İşin bu notasında sorulması gereken ilk soru şu olmalıdır: TSK’nın ‘Fırat Kalkanı’ ile başlayıp El Bab, Münbiç (kısmetse Musul ve ‘büyük hayal’i hatırlarsak Halep) istikametine ilişkin yaptığı ve yapamadığı harekatlardan oluşan ‘savaş hali’ Anayasa’nın 87 ve 92’nci maddelerinde belirlenen çerçeveye uygun mudur? TBMM’den söz konusu ‘savaş hali’nin ‘ilanı’yla ilişkili bir karar çıkmış mıdır?
Bu soruya “Tezkere ne güne duruyor?” gibi bir itiraz gelebilir. Ancak unutmayalım ki, söz konusu ‘Tezkere’ sözünü ettiğimiz türden bir “savaş hali”ne işaret etmemektedir. Hatırlayın; ‘Tezkere’nin –birinci cümlesinden itibaren- silahlı mücadeleye hedef olarak gösterdiği unsurlar “terör tehditi ve her türlü güvenli riskine karşı (…) her türlü tedbiri almak..”dır.
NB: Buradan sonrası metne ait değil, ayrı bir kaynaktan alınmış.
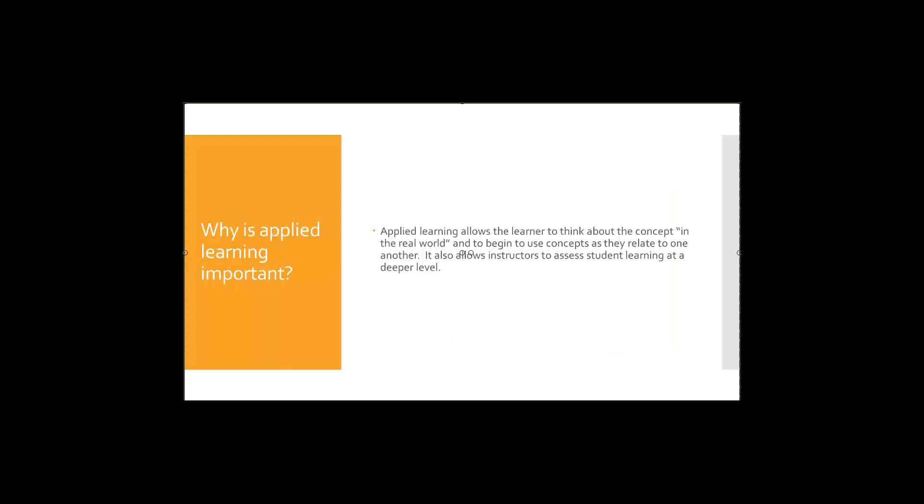So why do we think about applied learning? It's really an opportunity for us to engage with the concepts on a deeper level. It allows us to think in the context of the real world. So we're not just memorizing a bunch of facts, we're now making them work to either apply them to real-world situations or think about how they might apply in the real world or how they might relate to one another. This is really an exciting opportunity to take information and begin to combine and think about how it interacts with other information and other knowledge that you have.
Nitekim ‘Tezkere’nin yakınlarda tekrar uzatılmasına ilişkin TBMM’de yapılan müzakerelerde Milli Savunma Bakanı tezkerenin hedefini şöyle tarif etmiştir: “Tezkerenin de hedefi bu ülkenin huzuruna saldıran içteki ve dıştaki teröristlerdir.”
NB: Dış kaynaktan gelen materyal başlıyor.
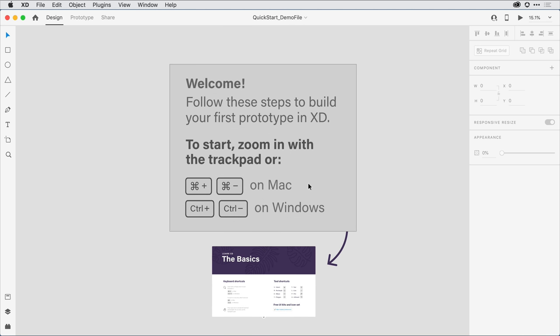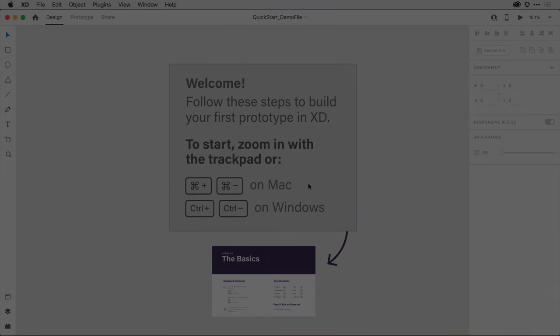With those housekeeping items out of the way, let's go ahead and get started on the project. We'll begin with something pretty common in experience design, a splash or welcome screen in Step 1.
Oysa biliyoruz ki, TSK’nın bugün ÖSO’na eşlik ederek (ama belki yarın ÖSO’nun TSK’ya eşlik ederek) sürdürdüğü ‘savaş hali,’ ‘tezkere’nin tarifinin sınırlarını çoktan aşmış durumdadır.
Bir adım daha ilerleyerek, Anayasa’nın 92’nci maddesinde ‘savaş hali’yle ilgili olarak cumhurbaşkanına tanınan yetkinin niteliğine de değinelim: Bu değerlendirmeyi de bir anayasa hukukçusu yapsın: “Anayasa tarafından Cumhurbaşkanı’na verilen silahlı kuvvet kullanma yetkisi genel bir yetki değildir., ayrıksı durumlar için öngörülmüştür. Cumhurbaşkanı’nın TSK’nın kullanılmasına karar verebilmesi için, – TBMM’nin tatilde veya ara vermede olması- Ülkenin ani bir silahlı saldırıya uğraması ve bu sebeple silahlı kuvvet kullanılmasına karar verilmesinin kaçınılmaz olması gerekmektedir. Meclisin toplanık olmadığı zamanlara özgü olan bu yetki konu bakamından sınırlıdır. Yani silahlı kuvvet kullanılmasıyla ilgili her yetkiyi kapsamaz, sadece ülkeyi savunmak amacıyla silahlı kuvvetleri kullanmayı içerir.”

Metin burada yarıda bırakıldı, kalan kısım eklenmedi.